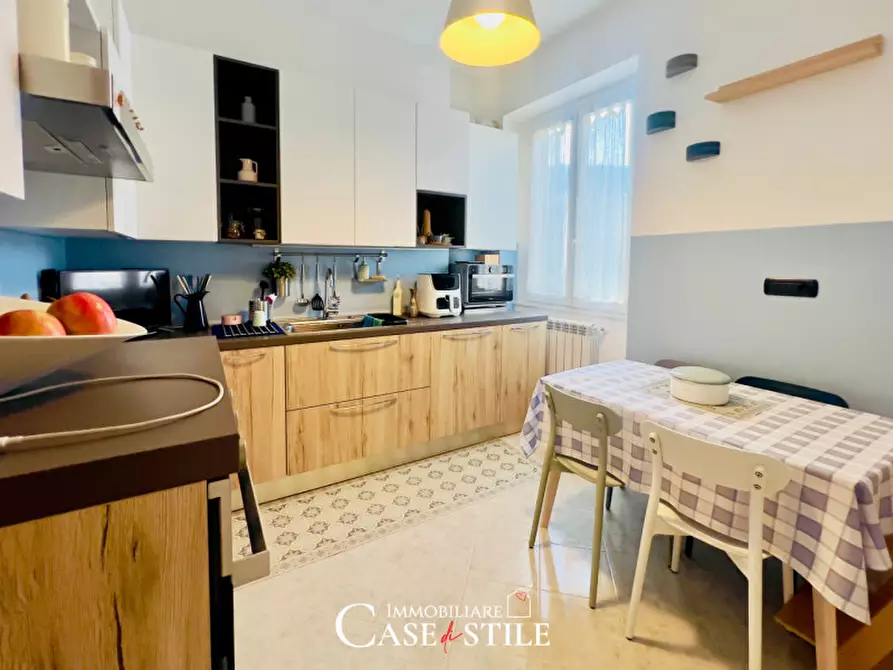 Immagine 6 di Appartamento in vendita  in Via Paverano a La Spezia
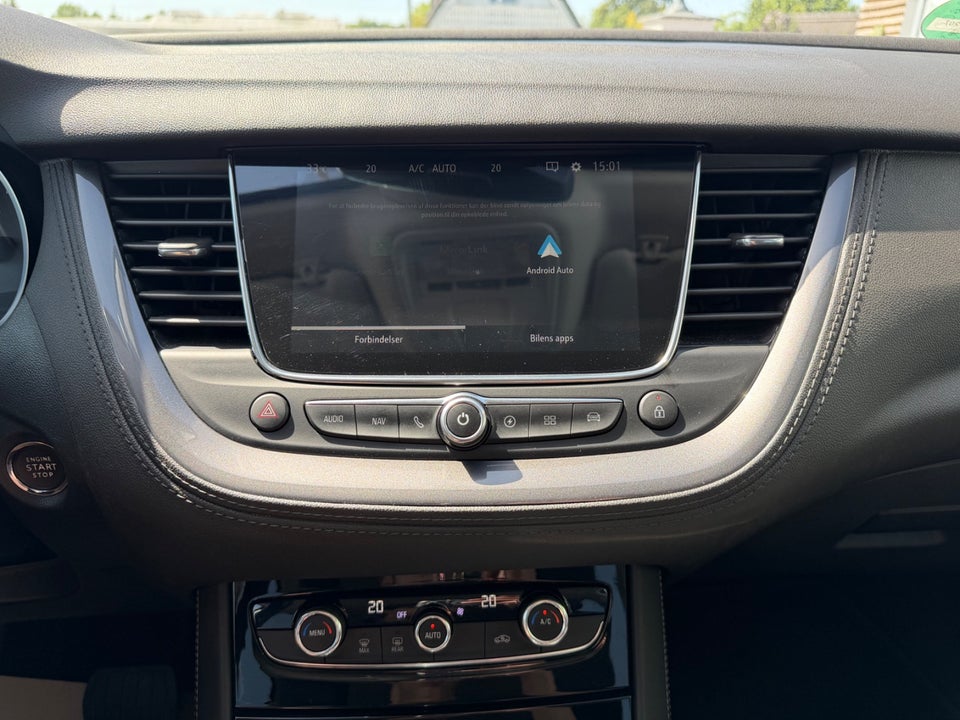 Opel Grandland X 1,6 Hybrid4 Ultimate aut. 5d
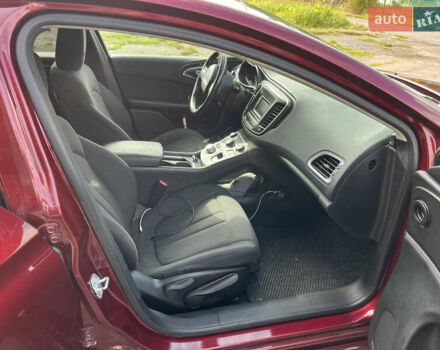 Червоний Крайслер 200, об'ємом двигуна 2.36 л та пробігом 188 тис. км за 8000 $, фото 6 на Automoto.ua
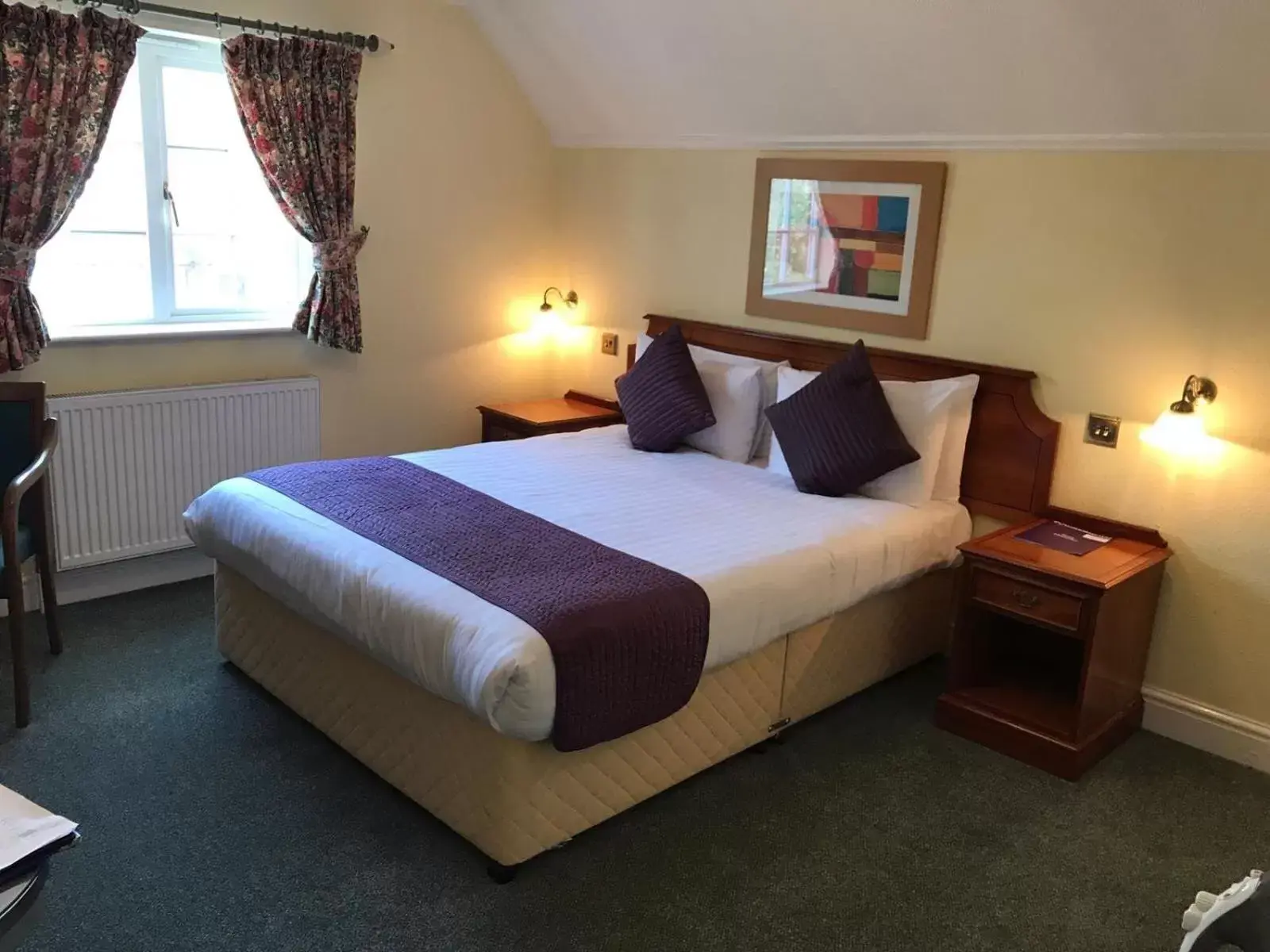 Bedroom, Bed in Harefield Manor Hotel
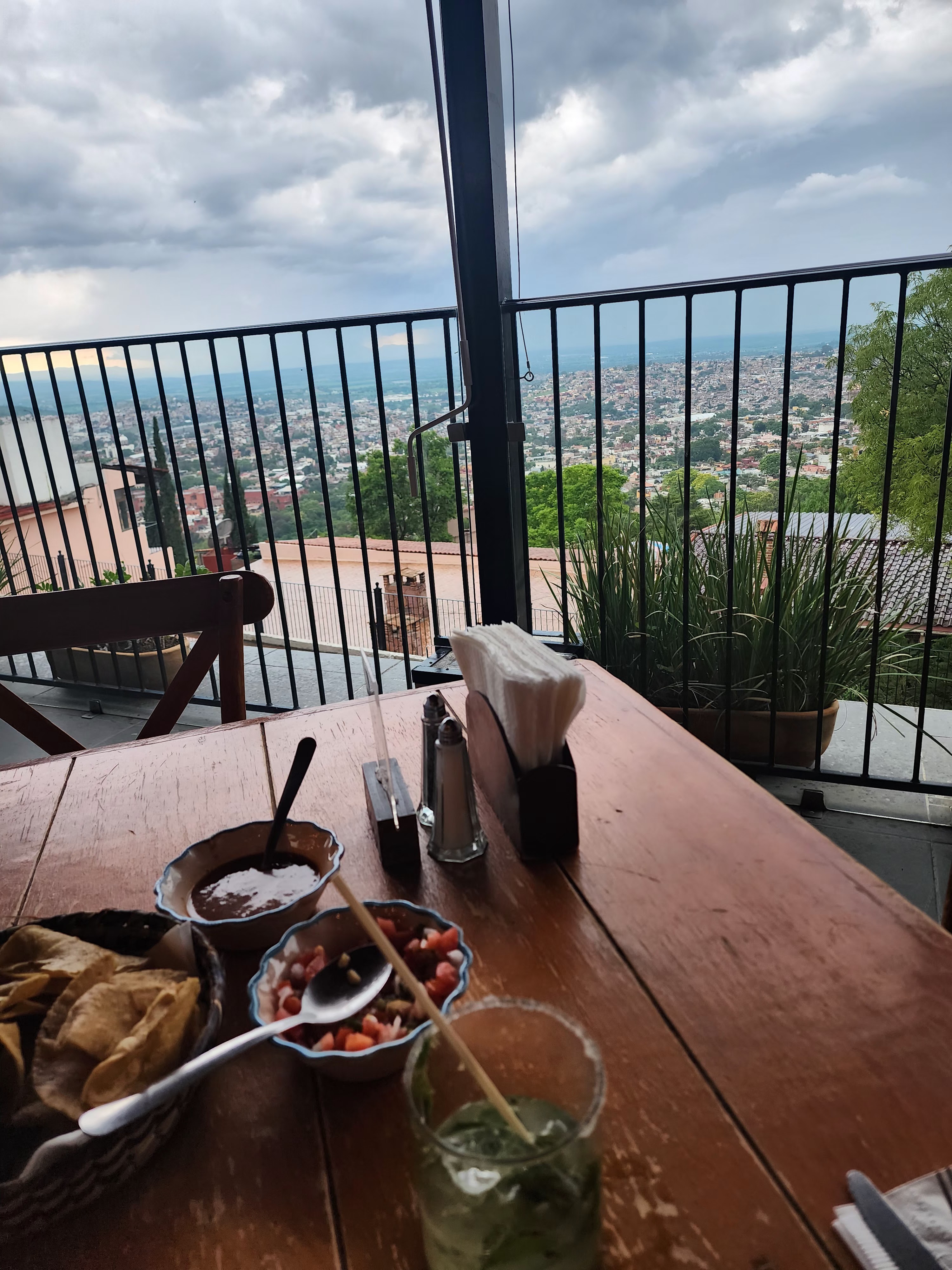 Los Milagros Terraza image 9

(Your instructions)
Exact copy, pictures excluded: repeat the lines from the top of the material through the line with "Червоний Крайслер 200, об'ємом".

(Answer section)
 Immagine 6 di Appartamento in vendita  in Via Paverano a La Spezia
 Opel Grandland X 1,6 Hybrid4 Ultimate aut. 5d
 Червоний Крайслер 200, об'ємом двигуна 2.36 л та пробігом 188 тис. км за 8000 $, фото 6 на Automoto.ua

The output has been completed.